■ BRIEF
Repeat the lines from the one containing "TrueWalk™ Premium Reflective Pet Leash" through the last line of the data, exactly, pictures omitted.

BEGIN MATERIAL PROVIDED

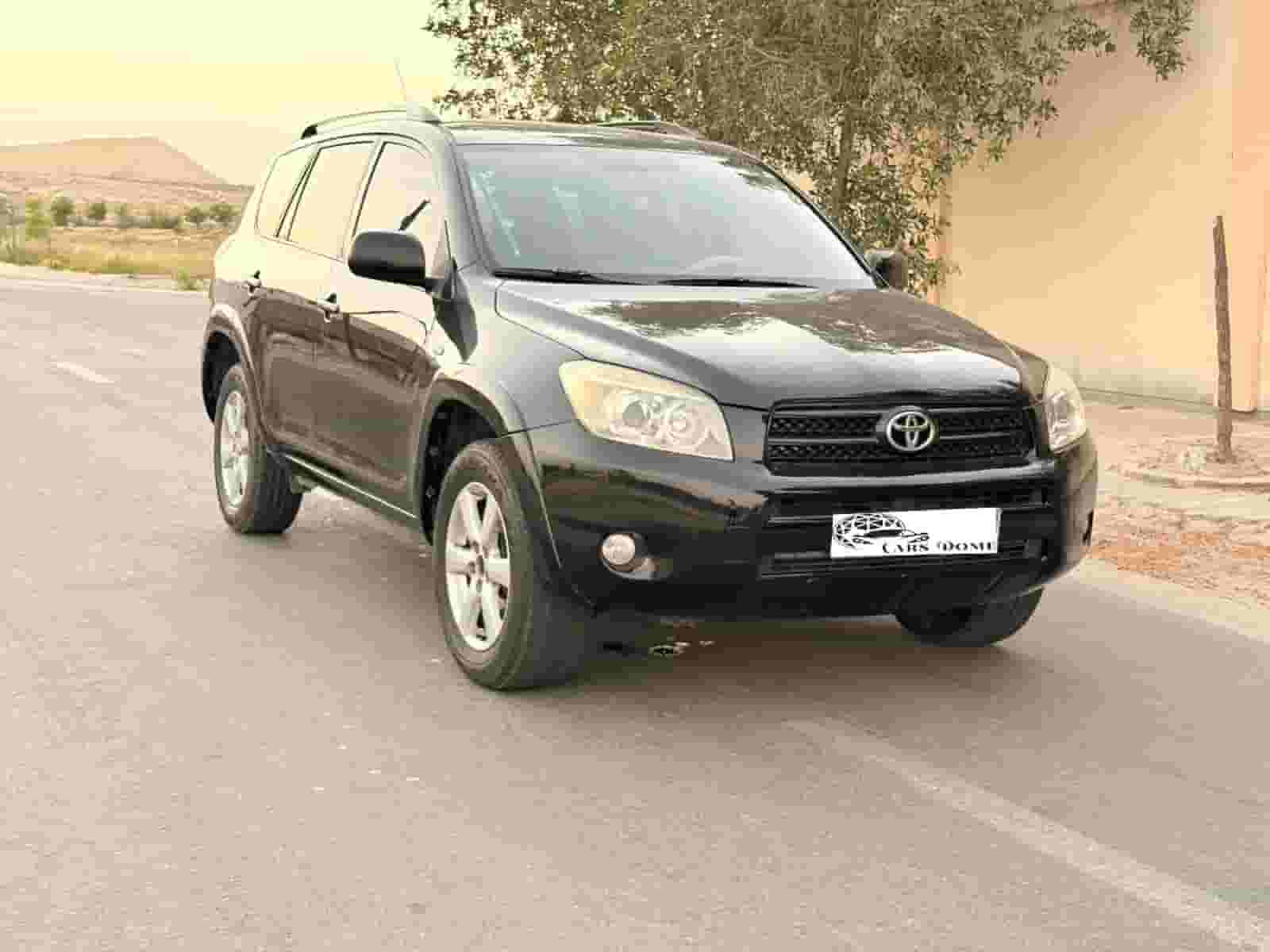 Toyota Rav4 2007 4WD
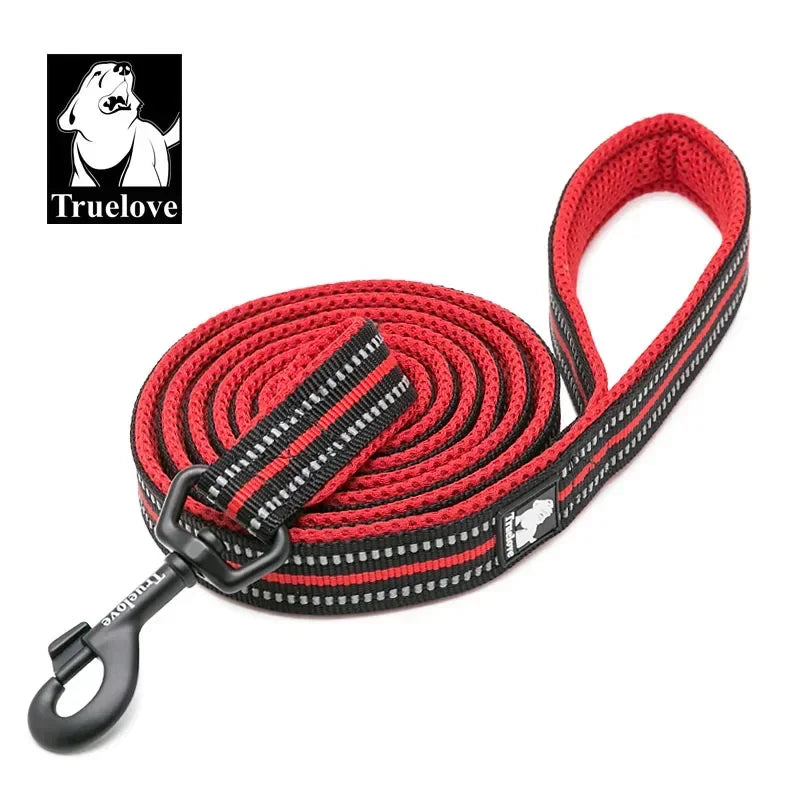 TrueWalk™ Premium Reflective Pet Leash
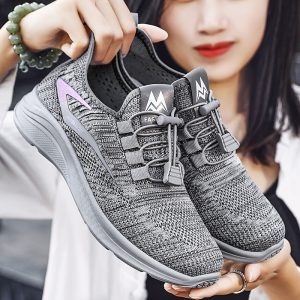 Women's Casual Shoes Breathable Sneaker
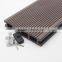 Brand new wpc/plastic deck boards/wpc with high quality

END MATERIAL PROVIDED

■ RESULT
 TrueWalk™ Premium Reflective Pet Leash
 Women's Casual Shoes Breathable Sneaker
 Brand new wpc/plastic deck boards/wpc with high quality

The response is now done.